Written by Aaron-Michael Fox.

For my older readers and those who haven’t been to Huntington for a while, when you read “Heritage Station,” you may think I’m referring to a restaurant at the corner of Eleventh Street and Veterans Memorial Boulevard.

Since 2009, Heritage Station has been the name for what was once “Heritage Village,” and the Baltimore & Ohio Railroad Depot before that. The old restaurant space is now occupied by a café called River & Rail and a gift shop called the Red Caboose.



Photo from the Charles Lemley/Bob Withers collection.

The main building at Heritage Station was originally constructed by the Ohio River Railway in 1887. The depot was purchased by the B&O in 1901. It now functions as the home of the Cabell-Huntington Convention and Visitor’s Bureau and the Huntington Welcome Center.

In the 1970s, after the consolidation of the B&O and several other railroads formed CSX Transportation and passenger travel moved to Amtrak, the old depot was converted into a shopping center called Heritage Village.

For a variety of reasons, the old shopping center was not extremely successful. By the early 2000s, there were virtually no retail options there at all.

In 2009, the members of Create Huntington came up with a new vision for the complex in which it would function as a business incubator and artisan shopping center focused on small, independent, local entrepreneurship.

The concept of a business incubator officially goes back to 1959, but it didn’t gain much traction until the 1980s and has only in the last decade started to gain real popularity with such spaces springing up in virtually every major city in America.

So what is a business incubator?

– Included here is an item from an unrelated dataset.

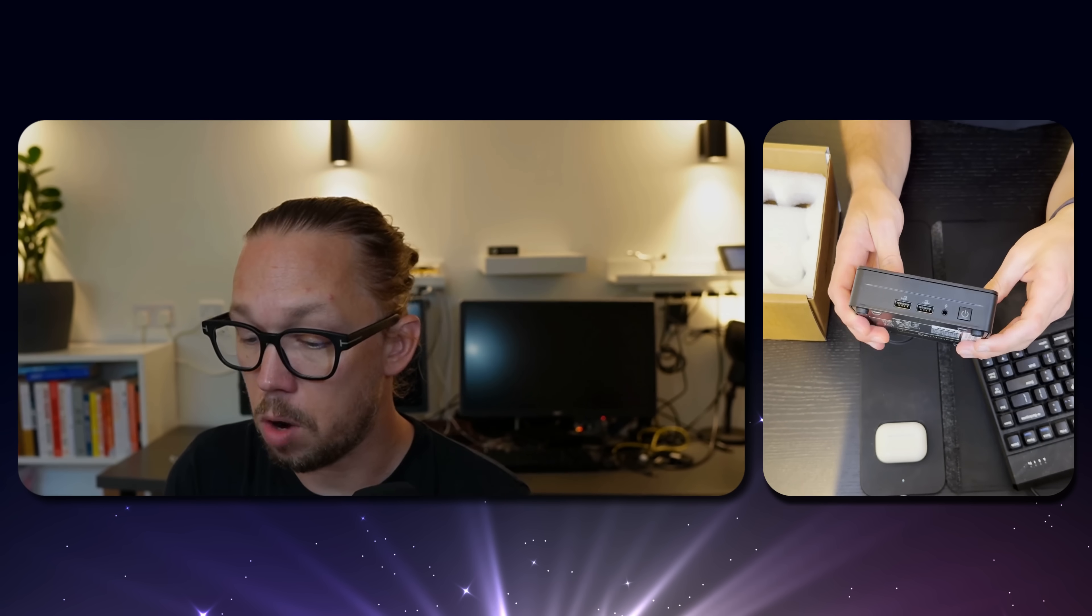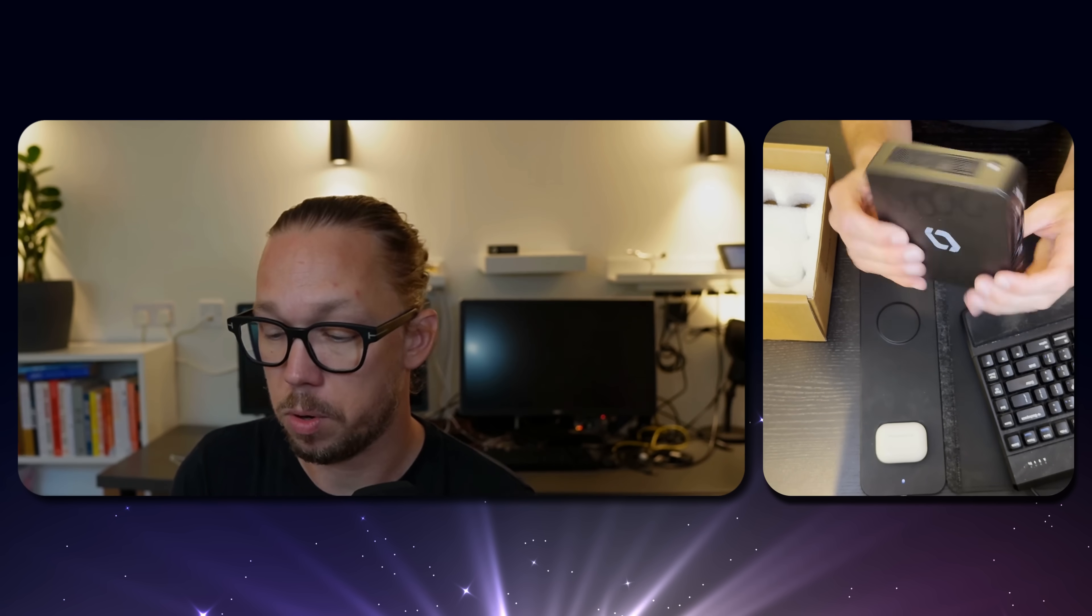As you can see, it's smaller, compact. Behind here, you have two HDMI, Ethernet, USB-C, and a few USB ports. There's also some USB in the front. It really feels genuine, feels solid. Compared to a lot of devices out there, it feels like a solid piece of hardware.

In the loosest terms, a business incubator is basically a commune for businesses that will share some type of common resources. These resources can range from outright financial support from a university or government institution, to infrastructure, to marketing assistance and mentorships. Like Heritage Station, retail incubators generally feature public entertainment spaces as well.

Photo: Aaron-MIchael Fox

The current trend nationwide of emphasizing “micro-retailing,” or simply utilizing smaller retail spaces more effectively in contrast to sprawling “box stores;” combined with the already popular concept of a business incubator, makes Heritage Station in downtown Huntington a cutting-edge complex in 2018.

The impetus behind micro-retailing is a reaction to online sales accounting for an increasingly large portion of retail sales as a whole. But while online shopping may be like a dream if you already know exactly what you want to buy, physical stores offer an experience. You get to browse products that you may not think to look for online and hold them in your hands. You get to interact with other human beings and form a deeper connection with your community.

By offering small spaces with very reasonable rents, the Greater Huntington Park and Recreation District—which owns and administers Heritage Station—seems to have found a formula that works with the shopping center at 100% occupancy and a waiting list for openings.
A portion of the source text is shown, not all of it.